Plaintiff brings this action pro se. By order dated September 25, 2020, the Court granted Plaintiff's request to proceed without prepayment of fees, that is, in forma pauperis ("IFP"). The Court dismisses the action for the reasons set forth below.

STANDARD OF REVIEW

The Court must dismiss an IFP complaint, or any portion of the complaint, that is frivolous or malicious, fails to state a claim on which relief may be granted, or seeks monetary relief from a defendant who is immune from such relief. 28 U.S.C. § 1915(e)(2)(B); see Livingston v. Adirondack Beverage Co., 141 F.3d 434, 437 (2d Cir. 1998). The Court must also dismiss a complaint when the Court lacks subject matter jurisdiction. See Fed. R. Civ. P. 12(h)(3).
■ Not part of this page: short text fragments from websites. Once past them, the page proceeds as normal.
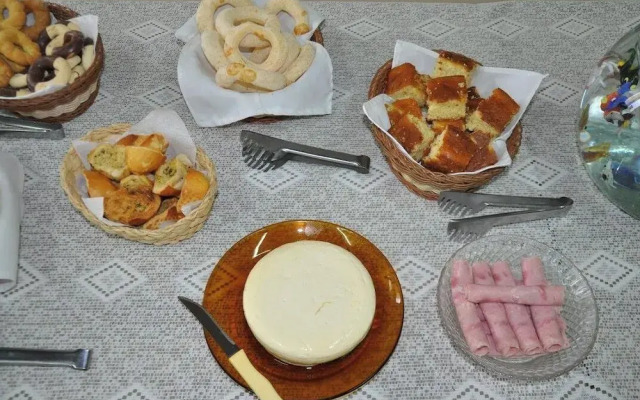 Hotel Parada Real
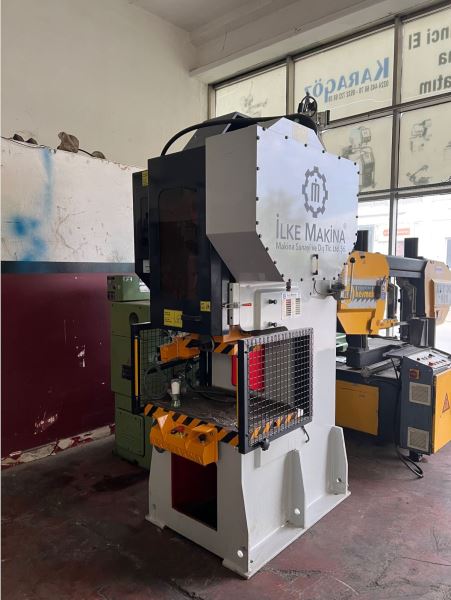 İlke 60 Ton Sıfır Hava Kavramalı Pres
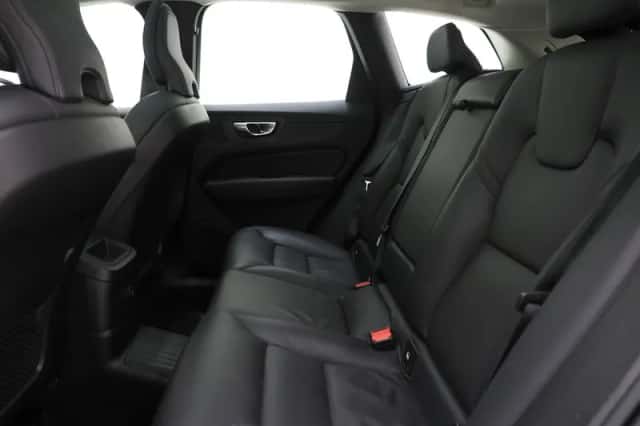 Volvo XC60 (2022) thumbnail 37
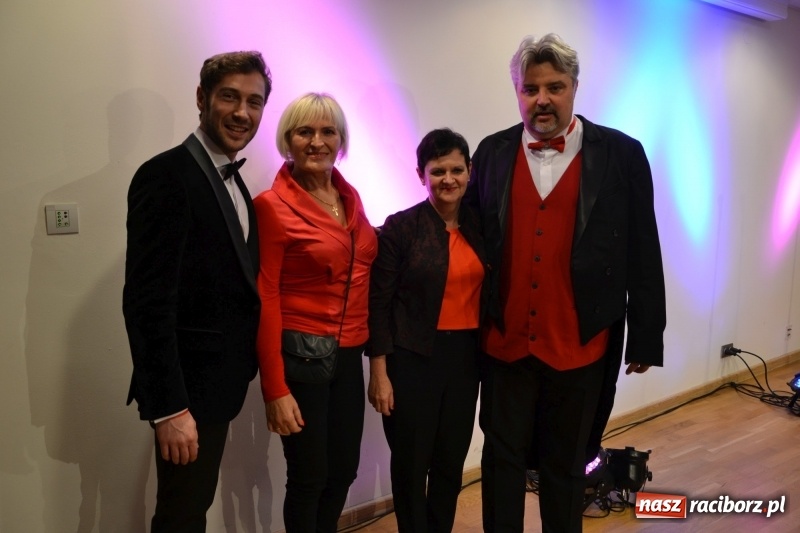 Zdjęcie w galerii na portalu naszraciborz.pl: Trzej tenorzy zaśpiewali na Zamku Piastowskim  wiadomości z regionu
While the law mandates dismissal on any of these grounds, the Court is obliged to construe pro se pleadings liberally, Harris v. Mills, 572 F.3d 66, 72 (2d Cir. 2009), and interpret them to raise the "strongest [claims] that they suggest," Triestman v. Fed. Bureau of Prisons, 470 F.3d 471, 474 (2d Cir. 2006) (internal quotation marks and citations omitted) (emphasis in original). But the "special solicitude" in pro se cases, id. at 475 (citation omitted), has its limits - to state a claim, pro se pleadings still must comply with Rule 8 of the Federal Rules of Civil Procedure, which requires a complaint to make a short and plain statement showing that the pleader is entitled to relief.

The Supreme Court has held that under Rule 8, a complaint must include enough facts to state a claim for relief "that is plausible on its face." Bell Atl. Corp. v. Twombly, 550 U.S. 544, 570 (2007). A claim is facially plausible if the plaintiff pleads enough factual detail to allow the Court to draw the inference that the defendant is liable for the alleged misconduct. In reviewing the complaint, the Court must accept all well-pleaded factual allegations as true. Ashcroft v. Iqbal, 556 U.S. 662, 678-79 (2009). But it does not have to accept as true "[t]hreadbare recitals of the elements of a cause of action," which are essentially just legal conclusions. Twombly, 550 U.S. at 555. After separating legal conclusions from well-pleaded factual allegations, the Court must determine whether those facts make it plausible - not merely possible - that the pleader is entitled to relief. Id.

BACKGROUND

Plaintiff brings her claims using the Court's general complaint form. She checks the boxes on the forms invoke the Court's federal-question and diversity-of-citizenship jurisdiction. In response to the question asking which of her federal constitutional or federal statutory rights have been violated, Plaintiff writes, "I was as[sa]ulted. I made a police report. My belong[ings] are in the defendants car which is in police impound since 5/30/20. I have a police report I been seeking since my belonging. Police report not found spoke to Mayor No call back." (ECF No. 1, at 2.)

The following allegations are taken from the "Facts" section of the complaint form. On May 30, 2020, Plaintiff attended a cookout at a private residence in Yonkers, New York. Defendant Justin Kurby was among the guests. A woman at the party started an argument and attacked Plaintiff's adult daughter. Plaintiff positioned herself between her daughter and the other woman, and Kurby threw Plaintiff out of the way. (Id. at 5.)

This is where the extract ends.